I began to suspect that Moleskine had identified and targeted me. I found their Charles Schulz commemorative notebooks appealing, their Pac-Man notebooks amusing. When they produced the Star Wars and LEGO notebooks, I was starting to be aware of something significant gathering momentum, but it wasn't until they came out with their Passions: beer notebook that I suspected they were actually reading my desultory blog posts and intermittent fanaticism.
Moleskine messages Postal Pocket Notebook |
The Moleskine Messages Postal Notebooks. Do I not love all things stationery? In the main, I do. Have I not made my own folding pages/envelope sets? I have. Am I not impassioned about Moleskine products? To know me is to reconcile with my love of this series of handy, Euro-elegant notebooks.

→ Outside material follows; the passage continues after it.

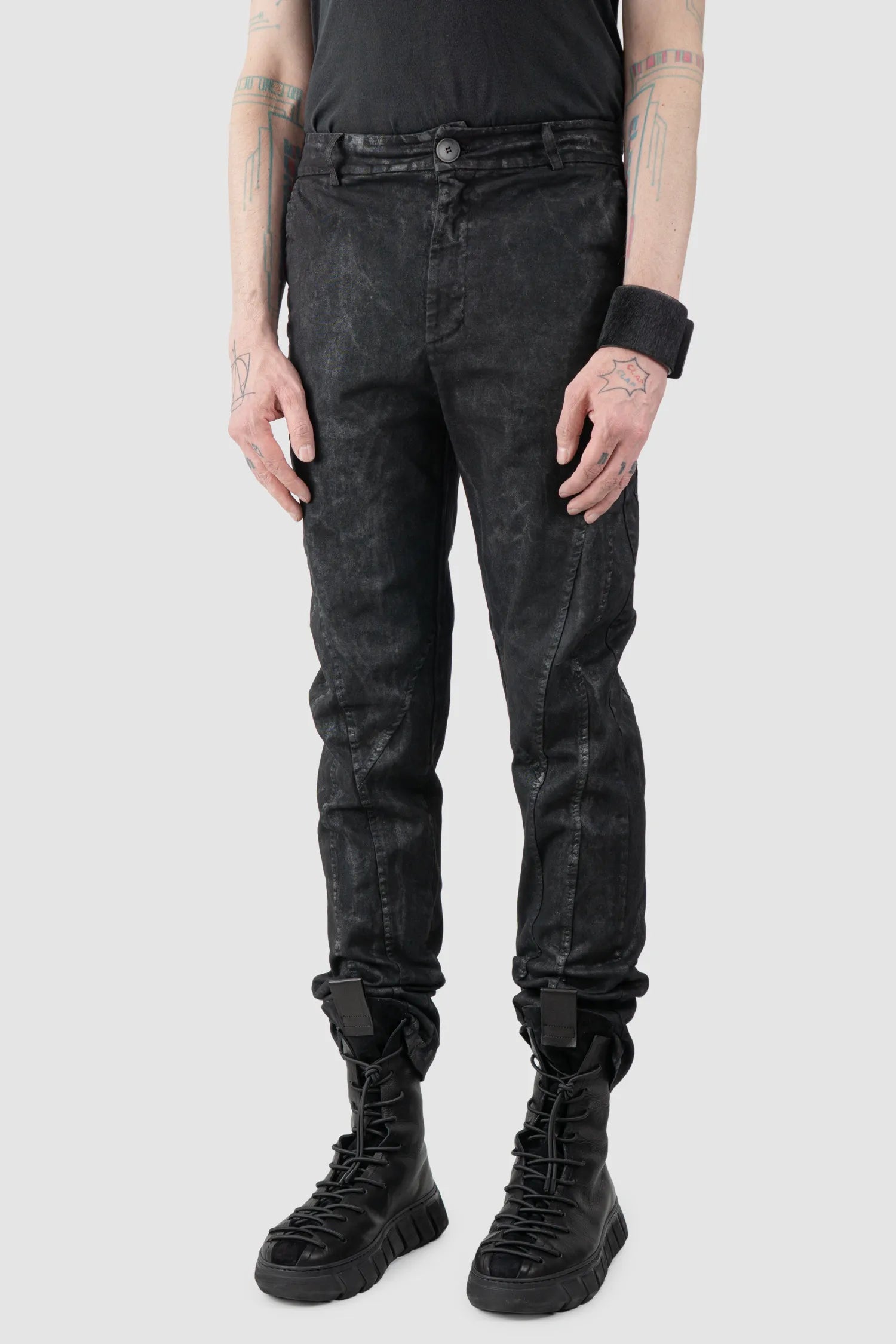 La Haine Inside Us - Men's Black Coated Stretch Denim Jeans - model front side view - MONO-KROM | Gallery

And now I'm totally on board. If for no other reason than principle, I will not stray. For the most part I hold the concept of branding as misleading or at least tedious and beside-the-point, but in a few cases one manufacturer or service provider supplies a reliable product/service and they deserve recognition and, yes, loyalty. Moleskine does that for me. They are producing things I want, things I already have but with their unique spin and magical sheen, and while I'm not rushing out to buy everything they make, I will not pick up a notebook anywhere else.

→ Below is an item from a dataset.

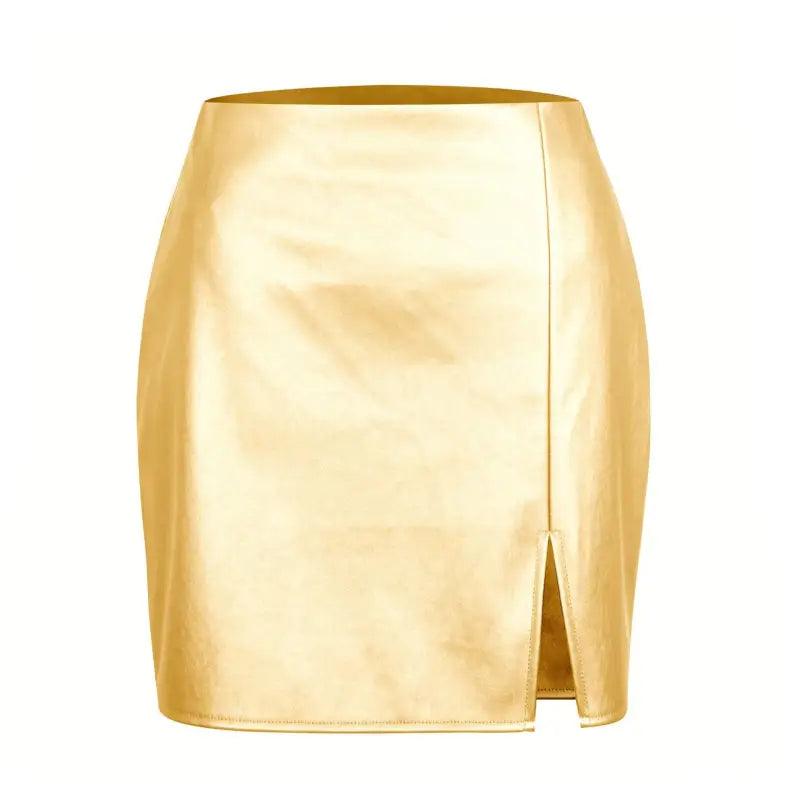 Pu Split Leather Skirt Women’s High Waist Zipper - Trendy Mix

As I said, I'm totally on board. Recently I bought a pack of large kraft Cahiers, decorated them with a 1965 National Geographic map, pages from a 1953 copy of German Through Pictures, and some Thai comics featuring troubled romance and ghost stories. I have put these up for sale on the international Moleskine site (they seem to have two main websites: one for the U.S. and one for everywhere else). If people find them worthy and buy them off me, why, I'll just pick up more notebooks and make more of these. I think that would be a pleasant outcome, for me.